WHEN Dr EJ Khew’s son was diagnosed with autism, he was devastated, but it spurred him to find effective methods in improving the development of those with the condition.
It was at this juncture that Dr Khew decided to give animal-assisted therapy (AAT) a try for his son, Young Khew-Yap.
“At the age of three, my son was diagnosed with autism. He would not make eye contact, had trouble vocalising and could not even walk straight.
“Three months after trying animal-assisted therapy, there was a significant difference in my son.
“His motor skills improved and he was able to interact with us more effectively,” he said.
Dr Khew learnt of this method during his time studying for a Doctor of Science Zoology (Animal Behaviour) programme.
He said during the course of his research, he found animals could help in the emotional, physical and social development of special needs children as they often shy away from interacting and mixing with other people.

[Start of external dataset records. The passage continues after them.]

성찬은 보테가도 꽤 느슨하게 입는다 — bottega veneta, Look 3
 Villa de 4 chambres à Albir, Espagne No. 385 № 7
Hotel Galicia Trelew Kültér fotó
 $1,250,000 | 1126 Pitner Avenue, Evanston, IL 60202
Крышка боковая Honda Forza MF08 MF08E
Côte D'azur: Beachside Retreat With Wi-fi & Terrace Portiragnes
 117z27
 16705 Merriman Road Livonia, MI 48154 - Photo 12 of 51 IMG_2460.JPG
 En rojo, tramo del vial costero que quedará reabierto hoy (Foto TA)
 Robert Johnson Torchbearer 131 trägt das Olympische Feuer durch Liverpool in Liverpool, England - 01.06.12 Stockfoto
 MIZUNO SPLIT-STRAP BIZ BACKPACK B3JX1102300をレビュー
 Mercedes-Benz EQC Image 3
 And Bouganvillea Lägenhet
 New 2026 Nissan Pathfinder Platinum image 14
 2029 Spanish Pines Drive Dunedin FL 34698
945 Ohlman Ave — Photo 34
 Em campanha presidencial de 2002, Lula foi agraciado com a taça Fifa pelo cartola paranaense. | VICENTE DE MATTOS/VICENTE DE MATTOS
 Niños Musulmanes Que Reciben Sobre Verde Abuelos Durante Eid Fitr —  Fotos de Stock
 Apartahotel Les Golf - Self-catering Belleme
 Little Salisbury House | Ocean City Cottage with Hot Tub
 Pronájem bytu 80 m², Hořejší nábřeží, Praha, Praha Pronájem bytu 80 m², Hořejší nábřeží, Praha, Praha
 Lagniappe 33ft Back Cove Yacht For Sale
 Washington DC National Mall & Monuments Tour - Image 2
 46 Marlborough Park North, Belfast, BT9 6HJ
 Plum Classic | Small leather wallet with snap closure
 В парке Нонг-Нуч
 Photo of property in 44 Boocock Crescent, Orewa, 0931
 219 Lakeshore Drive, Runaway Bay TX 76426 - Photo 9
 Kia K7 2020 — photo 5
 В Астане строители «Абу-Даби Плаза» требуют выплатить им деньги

“Animals give children a warm and secure feeling for them to have the confidence to bond with others,” he said.
Dr Khew added the type of animal was also important for the therapy.
“Some animals like dogs and horses have been known to be great in these instances, but not every dog or horse has the right characteristics for the therapy,” he said.
Dr Khew used gerbils, rabbits, a small bearded dragon, a hedgehog and even a cat in his therapies.
“Some may think that a cat is not suitable as they are known for their distant behaviour. But if you find the right cat with the right attitude, it is a different story,” he said.
An example is Dr Khew’s rescue cat, affectionately called Miow by Khew-Yap.
Dr Khew said interaction with different types of animals also enhanced the senses of a child and build up their sensory and motor skills.
The improvement in his son’s condition led him to set up Animals for Young (AFY), a holistic early intervention centre for special needs children.
He hopes the centre can assist children with autism spectrum disorder, attention deficit/hyperactivity disorder (ADHD), cerebral palsy and Down syndrome.
Dr Khew said the centre in Cyberjaya, is located in a housing area which allows children to undergo the therapy in a comfortable environment.
A full-time occupational therapist is also at hand to help out at the centre.
“It is a long process, but early intervention can make a difference in preparing a child to become independent and contribute to society,” he said.